Looking Up…and Down

Tour of the old town. Walking and walking. Looking up at the amazing buildings while looking down so as not to fall over. Something to learn here, about taking care not to lose ones ‘footing’ in the scramble of daily life. While ‘looking up’.

Jigger Jaggerd

Flying West to
Eastern Europe
A culture
Shift – a shock.

Looking at normal
So called – but whose?
Normal questioned
Humbling – humbled.

Blocks of grey flats
Soot blackened walls
Sadness for eye
Heart – break.

Cathedral turret
Gleaming bronzed.
An Eastern confection
Renovation – restoration.

From West to
East with refreshed
Eyes and mind
Disturbed.

Good to be disturbed, to have ones cultural norms thrown into sharp relief. Jigger – jagger! Moving around can loosen ones foundations. There is no   permanent ‘place’ to lay ones mind. The Soviet past is like a particular perfume mixed in with a swipe of eye watering cleaner. Mixed in with pre Soviet grandeur. This is all a challenge to the mind that, has views. Not to be held on to. Acknowledged here? Yes.

We have a full schedule of activities organised for the next few days. Our host is a Latvian born American monk here establishing herself to teach the Dharma. I’m impressed already.

Where Is Latvia?

As we passed this car last Saturday my companion commented, as much to himself as to me, ‘That’s your worst nightmare right there’! Take my ‘wheels’ off and render me immobile? How would I be? Just fine I am sure. When I broke my leg in late 1999 I ended up enjoying enforced immobility. Although I have to confess to being ‘difficult’ at a certain point in my recovery.

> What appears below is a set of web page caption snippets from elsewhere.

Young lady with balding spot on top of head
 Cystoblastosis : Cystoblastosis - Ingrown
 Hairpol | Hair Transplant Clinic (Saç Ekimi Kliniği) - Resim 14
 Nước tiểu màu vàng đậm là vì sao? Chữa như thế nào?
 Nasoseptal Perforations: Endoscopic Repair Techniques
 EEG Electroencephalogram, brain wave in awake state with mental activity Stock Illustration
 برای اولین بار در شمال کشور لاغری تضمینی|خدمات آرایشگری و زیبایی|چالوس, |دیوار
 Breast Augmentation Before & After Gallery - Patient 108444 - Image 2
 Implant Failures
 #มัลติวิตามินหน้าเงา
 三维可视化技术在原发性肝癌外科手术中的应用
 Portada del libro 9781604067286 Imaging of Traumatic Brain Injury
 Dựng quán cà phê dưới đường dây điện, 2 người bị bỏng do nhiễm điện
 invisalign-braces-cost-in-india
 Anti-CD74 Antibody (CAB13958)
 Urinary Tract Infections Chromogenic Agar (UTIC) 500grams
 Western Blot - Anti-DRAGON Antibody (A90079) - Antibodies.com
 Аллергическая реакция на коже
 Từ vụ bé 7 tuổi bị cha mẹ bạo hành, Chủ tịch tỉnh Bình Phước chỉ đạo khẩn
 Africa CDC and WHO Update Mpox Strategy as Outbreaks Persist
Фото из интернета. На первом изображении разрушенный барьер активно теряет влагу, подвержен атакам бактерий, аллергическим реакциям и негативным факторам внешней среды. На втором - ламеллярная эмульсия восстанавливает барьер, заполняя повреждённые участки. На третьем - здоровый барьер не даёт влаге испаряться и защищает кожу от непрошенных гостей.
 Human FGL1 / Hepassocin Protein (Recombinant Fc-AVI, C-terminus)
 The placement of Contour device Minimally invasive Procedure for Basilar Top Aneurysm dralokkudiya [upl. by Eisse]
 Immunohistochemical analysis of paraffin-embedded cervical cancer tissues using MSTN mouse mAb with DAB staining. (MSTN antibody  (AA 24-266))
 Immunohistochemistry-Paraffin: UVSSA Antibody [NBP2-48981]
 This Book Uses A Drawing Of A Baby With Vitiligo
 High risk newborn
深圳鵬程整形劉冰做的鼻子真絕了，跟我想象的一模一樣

Now I’d better find out where exactly Latvia IS! Before flying there tomorrow. A very heavy world atlas is calling to me.

Mobile – Immobility
Moving – Stillness
Walk on – sit up
Lay down
Sleep.
Wake Up!

How fortunate we are to be born a human being, to have found a path and to keep walking on. No matter what.

Walking on sometimes means not moving though.

Bare Foot In London

Years ago a friend who contracted polio as a young child, and was confined to a wheelchair until he was six or so, described how it was to walk for the first time, barefoot on grass. He luxuriated in the memory and I shared in it.

There is something about the contact with the ground which we all know about but lose touch with as we graduate from sensible sandels to fashionable foot torture!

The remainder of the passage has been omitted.